PLM Systems are Difficult to Use
Early generations of complex, rigid PLM platforms reinforced notions that these solutions lacked user-friendliness. However, next-gen PLM tools focus extensively on delivering intuitive, role-based interfaces for all types of users across desktop and mobile experiences. Adaptive solutions allow non-expert users to easily find and share product data while interacting through familiar tools like Excel. Modern PLMs emphasize the user experience.
PLM Requires Lengthy, Expensive Implementation
Overly complex platforms of the past did require lengthy deployments, but lightweight, cloud-native PLMs can now be implemented much quicker. Taking an iterative approach allows companies to start seeing value in months versus years for legacy systems. And subscription pricing structures decrease upfront cost barriers while providing more flexibility. The latest web-based PLMs emphasize faster time-to-value and lower total-cost-of-ownership.

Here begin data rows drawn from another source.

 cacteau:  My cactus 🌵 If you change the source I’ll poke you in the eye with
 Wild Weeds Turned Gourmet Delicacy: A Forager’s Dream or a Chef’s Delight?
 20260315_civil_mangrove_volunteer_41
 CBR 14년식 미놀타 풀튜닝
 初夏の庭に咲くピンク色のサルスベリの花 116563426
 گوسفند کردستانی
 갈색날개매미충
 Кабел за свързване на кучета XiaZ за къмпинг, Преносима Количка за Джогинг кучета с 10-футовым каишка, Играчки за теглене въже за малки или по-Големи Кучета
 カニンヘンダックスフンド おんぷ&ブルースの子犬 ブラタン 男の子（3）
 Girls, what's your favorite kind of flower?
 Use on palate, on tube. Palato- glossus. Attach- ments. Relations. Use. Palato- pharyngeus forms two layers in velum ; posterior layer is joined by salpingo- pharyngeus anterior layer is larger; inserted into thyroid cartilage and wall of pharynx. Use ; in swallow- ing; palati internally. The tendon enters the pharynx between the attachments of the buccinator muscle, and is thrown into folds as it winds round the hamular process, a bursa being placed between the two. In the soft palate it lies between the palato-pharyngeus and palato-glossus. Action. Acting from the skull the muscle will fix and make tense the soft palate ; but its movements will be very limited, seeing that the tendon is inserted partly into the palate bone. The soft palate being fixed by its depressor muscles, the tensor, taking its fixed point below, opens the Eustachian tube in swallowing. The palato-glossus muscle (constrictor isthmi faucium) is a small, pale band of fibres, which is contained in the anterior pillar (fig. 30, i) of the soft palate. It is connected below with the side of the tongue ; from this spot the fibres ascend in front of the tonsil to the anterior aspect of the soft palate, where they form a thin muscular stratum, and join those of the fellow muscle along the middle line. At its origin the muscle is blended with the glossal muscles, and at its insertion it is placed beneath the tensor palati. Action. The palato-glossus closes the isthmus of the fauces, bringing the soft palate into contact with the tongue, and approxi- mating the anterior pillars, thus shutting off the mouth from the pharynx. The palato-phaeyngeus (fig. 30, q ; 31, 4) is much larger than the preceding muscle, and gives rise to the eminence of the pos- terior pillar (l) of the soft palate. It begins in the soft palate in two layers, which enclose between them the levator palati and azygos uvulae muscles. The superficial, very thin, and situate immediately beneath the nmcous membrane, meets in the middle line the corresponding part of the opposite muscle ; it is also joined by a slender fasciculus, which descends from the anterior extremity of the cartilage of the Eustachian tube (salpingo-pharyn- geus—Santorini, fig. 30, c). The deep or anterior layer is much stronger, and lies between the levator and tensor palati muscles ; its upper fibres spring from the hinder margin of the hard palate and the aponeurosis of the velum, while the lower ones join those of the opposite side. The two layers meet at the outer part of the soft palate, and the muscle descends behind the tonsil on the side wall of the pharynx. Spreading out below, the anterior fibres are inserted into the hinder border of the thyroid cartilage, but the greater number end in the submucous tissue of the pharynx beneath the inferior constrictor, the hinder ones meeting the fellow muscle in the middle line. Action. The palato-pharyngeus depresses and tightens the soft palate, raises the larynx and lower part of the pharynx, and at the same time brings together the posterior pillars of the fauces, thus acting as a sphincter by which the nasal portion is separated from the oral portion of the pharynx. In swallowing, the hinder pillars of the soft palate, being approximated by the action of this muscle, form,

Our Current Systems are Sufficient
Product teams often believe the combination of their existing tools provides enough capabilities that investing in a dedicated PLM platform is unnecessary. But even teams leveraging sets of best-of-breed solutions will inevitably face challenges of fragmented data, manual workflows, cross-functional misalignment, and limited visibility into the full product record generated across disparate systems over time. PLM consolidates this.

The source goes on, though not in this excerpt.